Namun, di mata keluarga Yosua, ia adalah anak yang baik dan patuh. Keluarga juga menyebut Yosua terlihat senang dengan pekerjaannya.
“Dia cerita, di sana semua baik-baik. Ibu-Bapak (Ferdy Sambo dan Putri) sayang kepadanya layaknya atasan kepada bawahan. Semua temannya juga baik,” kata Samuel, ayah Yosua.
Kepada bibinya, Rohani Simanjuntak, Yosua pun bercerita bahwa Sambo memercayakan urusan pengeluaran harian keluarga kepadanya. Kepercayaan ini membuat Yosua senang.
Sembari bergurau, suatu ketika Yosua berkata kepada ayahnya bahwa bertugas sebagai ajudan Sambo di Jakarta membuat ia menggemuk, tanda hidupnya membaik.
Namun, kepada kekasihnya di Jambi, Vera Simanjuntak, Yosua belakangan bercerita punya masalah dan merasa terancam. Ancaman itu, menurut pengacara Vera, Ramos Hutabarat, tertangkap dari pembicaraan mereka sekitar seminggu sebelum kejadian.
Komunikasi terakhir antara Yosua dan Vera terjadi sekitar 15 menit sebelum baku tembak yang menewaskan Yosua, yakni pukul 16.43 WIB, 8 Juli 2022. Pada waktu tersebut, Yosua kemungkinan berada di rumah pribadi Sambo di Jl. Saguling atau di rumah dinasnya di Kompleks Polri.
“Nanti penyidik yang akan menyebutkan [isi percakapan Vera dan Yosua],” ujar Ramos.
Menurut Kamaruddin Simanjuntak, Yosua menerima ancaman sejak Juni, sampai-sampai ia pernah menangis karenanya.
“Ada rekaman elektronik, yang mana almarhum saking takutnya di bulan Juni, ia sampai menangis,” kata Kamaruddin di Mapolda Jambi, Sabtu (23/7).
Ancaman itu pun, ujarnya, masih diterima Yosua sehari sebelum ia tewas. Hal tersebut kini tengah didalami penyidik Bareskrim Polri.
Reza Indragiri, kriminolog dan ahli psikologi forensik, berpendapat bahwa tolak ukur tuntasnya pengungkapan kasus kematian Yosua adalah objektivitas dan transparansi.
“Semakin objektif dan semakin transparan, maka semakin pantas polisi dipercaya. Sebaliknya, semakin tak objektif dan tak transparan, maka semakin masyarakat pesimistis terhadap kerja kepolisian,” kata Reza.
Itu sebabnya, menurut Reza, sepatutnya kepolisian segera membuka terang-benderang isi rekaman-rekaman CCTV terkait kasus Yosua.
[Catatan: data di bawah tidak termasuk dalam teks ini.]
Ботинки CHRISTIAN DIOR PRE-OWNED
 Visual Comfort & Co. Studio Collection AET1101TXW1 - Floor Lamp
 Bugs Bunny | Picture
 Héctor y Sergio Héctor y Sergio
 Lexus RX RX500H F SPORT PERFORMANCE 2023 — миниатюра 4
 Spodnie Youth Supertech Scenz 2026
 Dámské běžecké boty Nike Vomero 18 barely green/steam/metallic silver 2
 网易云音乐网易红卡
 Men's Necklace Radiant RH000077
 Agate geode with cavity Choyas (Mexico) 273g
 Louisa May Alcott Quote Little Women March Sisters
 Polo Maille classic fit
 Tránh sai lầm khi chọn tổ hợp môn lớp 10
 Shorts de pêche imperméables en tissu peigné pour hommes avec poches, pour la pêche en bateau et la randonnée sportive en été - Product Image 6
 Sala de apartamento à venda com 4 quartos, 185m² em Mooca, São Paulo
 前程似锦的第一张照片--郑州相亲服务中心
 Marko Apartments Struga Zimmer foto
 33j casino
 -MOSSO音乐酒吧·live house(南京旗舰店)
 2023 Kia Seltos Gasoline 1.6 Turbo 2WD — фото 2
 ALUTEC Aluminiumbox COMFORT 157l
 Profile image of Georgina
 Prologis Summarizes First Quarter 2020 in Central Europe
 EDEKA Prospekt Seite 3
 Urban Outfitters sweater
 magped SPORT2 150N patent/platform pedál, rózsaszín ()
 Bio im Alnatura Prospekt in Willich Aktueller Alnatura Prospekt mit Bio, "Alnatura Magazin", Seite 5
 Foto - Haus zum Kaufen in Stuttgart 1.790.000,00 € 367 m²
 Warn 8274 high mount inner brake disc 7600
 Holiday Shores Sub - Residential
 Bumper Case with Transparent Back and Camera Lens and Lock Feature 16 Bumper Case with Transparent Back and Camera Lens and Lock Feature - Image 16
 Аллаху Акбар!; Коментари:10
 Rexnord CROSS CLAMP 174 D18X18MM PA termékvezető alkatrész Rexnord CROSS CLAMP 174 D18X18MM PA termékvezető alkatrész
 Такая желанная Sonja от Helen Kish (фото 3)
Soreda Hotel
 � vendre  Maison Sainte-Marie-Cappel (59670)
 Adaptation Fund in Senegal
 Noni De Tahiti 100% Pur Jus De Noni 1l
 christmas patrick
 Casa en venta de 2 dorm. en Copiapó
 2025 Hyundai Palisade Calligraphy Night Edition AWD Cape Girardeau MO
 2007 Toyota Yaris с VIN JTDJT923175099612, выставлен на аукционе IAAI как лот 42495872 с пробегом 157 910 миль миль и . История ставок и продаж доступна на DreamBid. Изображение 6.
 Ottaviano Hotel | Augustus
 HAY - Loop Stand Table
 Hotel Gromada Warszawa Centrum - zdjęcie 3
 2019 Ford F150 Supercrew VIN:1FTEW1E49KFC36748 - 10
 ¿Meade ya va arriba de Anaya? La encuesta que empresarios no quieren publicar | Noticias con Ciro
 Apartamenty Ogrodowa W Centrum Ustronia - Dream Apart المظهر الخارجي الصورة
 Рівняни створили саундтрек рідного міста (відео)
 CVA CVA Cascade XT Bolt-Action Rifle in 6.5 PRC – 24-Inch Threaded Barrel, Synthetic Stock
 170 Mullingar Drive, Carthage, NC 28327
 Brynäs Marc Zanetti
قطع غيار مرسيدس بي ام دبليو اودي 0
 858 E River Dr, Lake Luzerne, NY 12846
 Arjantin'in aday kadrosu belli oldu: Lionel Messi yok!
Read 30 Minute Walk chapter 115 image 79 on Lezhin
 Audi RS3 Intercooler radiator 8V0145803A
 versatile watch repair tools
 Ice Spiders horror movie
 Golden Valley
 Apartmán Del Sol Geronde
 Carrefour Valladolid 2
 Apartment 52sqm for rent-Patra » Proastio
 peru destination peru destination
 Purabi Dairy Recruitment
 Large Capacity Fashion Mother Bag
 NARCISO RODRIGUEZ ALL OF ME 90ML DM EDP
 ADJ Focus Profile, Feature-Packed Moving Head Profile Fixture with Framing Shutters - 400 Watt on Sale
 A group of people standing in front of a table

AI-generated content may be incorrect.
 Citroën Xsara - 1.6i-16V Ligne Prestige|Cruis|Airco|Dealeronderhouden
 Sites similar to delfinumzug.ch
Terlebih, selama ini komunikasi polisi kepada publik cenderung ambigu sehingga menimbulkan kebingungan dan memunculkan berbagai spekulasi.
Reza menegaskan, kepolisian sebagai institusi seharusnya bicara jelas sejak awal kasus; tanpa ada rangkaian peristiwa yang ditutupi.
“Ini bukan urusan individu, tapi institusi. Kepolisian sebagai lembaga yang punya otoritas harus menyampaikan segala hal dengan objektif dan transparan. Tidak bisa lepas tangan,” tutup Reza.